A good and informative article, thank you marinero.
You may also be interested to know that Santiago de Compostela in fact ranks as one of the top three Christian sites for pilgrims in the world along with Rome and Jerusalem. A point in favour of its credence at the burial place of St. James was, that of the three bodies found, one had its head under its arm indicating its decapitation.
Living in close proximity to this wonderful cultural heritage, I have found that the usual view most people here prefer is that Compostela was derived from the Latin 'Campus Stellae', meaning field of stars, in recognition of those seen during the discovery of the tomb. Although the origen will probably remain forever elusive, this meaning is certainly more attractive than a plain old burial field.
Another belief widely held in the 11th century AD was that it derived from the Latin 'Compositum tellus' or 'well situated ground, but "Field of Stars" wins hands down from a PR perspective!

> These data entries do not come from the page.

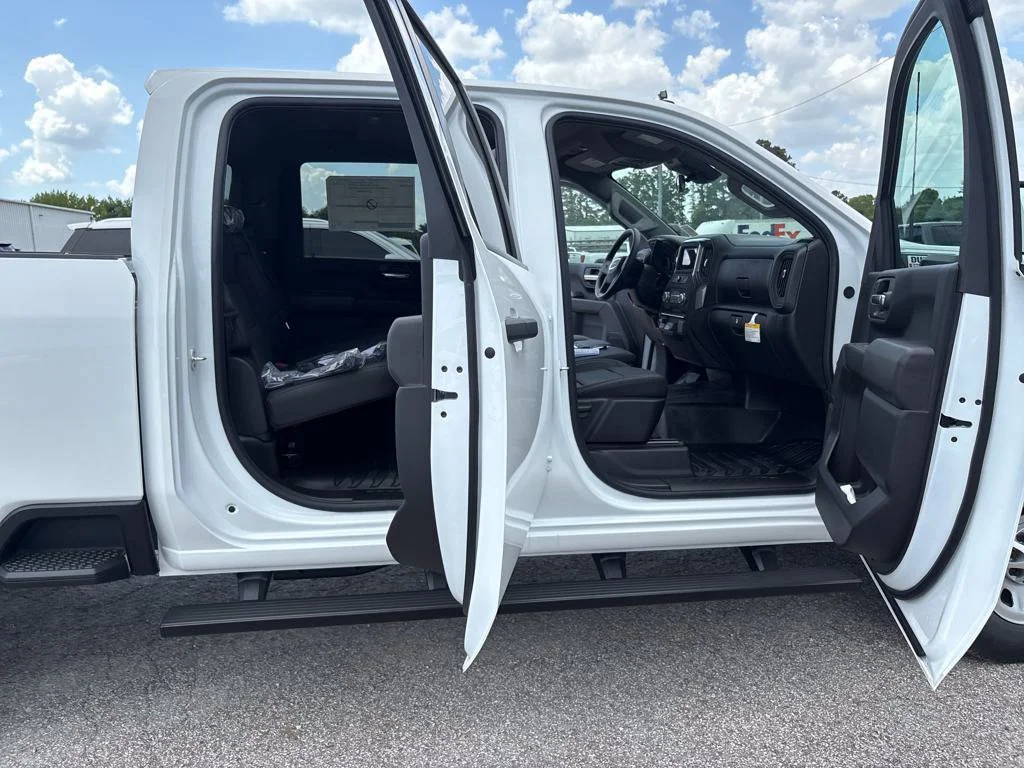 2025 GMC Sierra 2500HD Pro - Photo 37
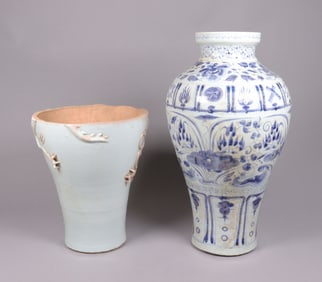 Lots Chinese tall vase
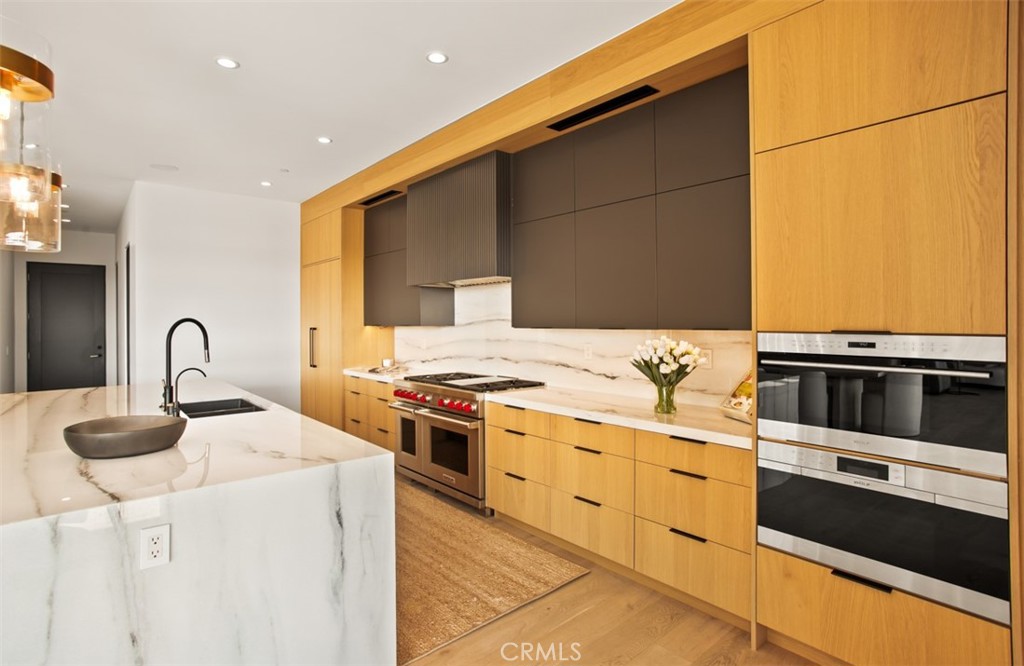 MLS #OC25164130 img 13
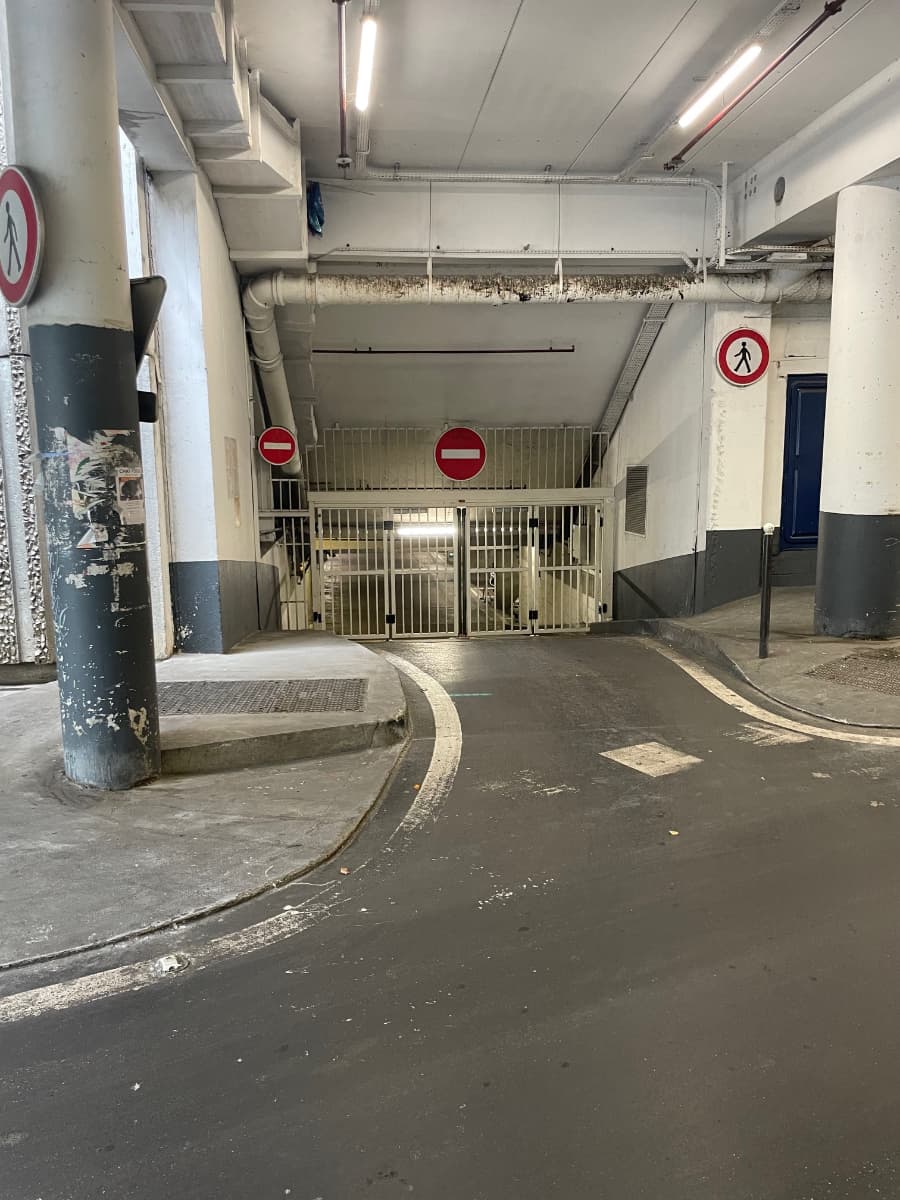 Entrée intérieure du underground à 66 Avenue d'Ivry, Paris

For those who intend walking along one of the Caminos this year and obtaining the Compostela certificate will find things altered because of current health regulations. An alternative to the Credencial de Peregrino (like a passport document) has been introduced in the form of a virtual passport (Credencial digital) where the proof of passage through the various places en route may be obtained though the scanning of a QR code. There is now also an online register for pilgrims to be able to provide all the details of the journey beforehand to reduce the contact with personnel at the cathedral on arrival. Hopefully that will reduce the queues especially in this year of Jacobeo 2021.

animate said:
10 May 2021 @ 21:09

Thank you migueldelnorte for adding a little more information to the article. Much appreciated.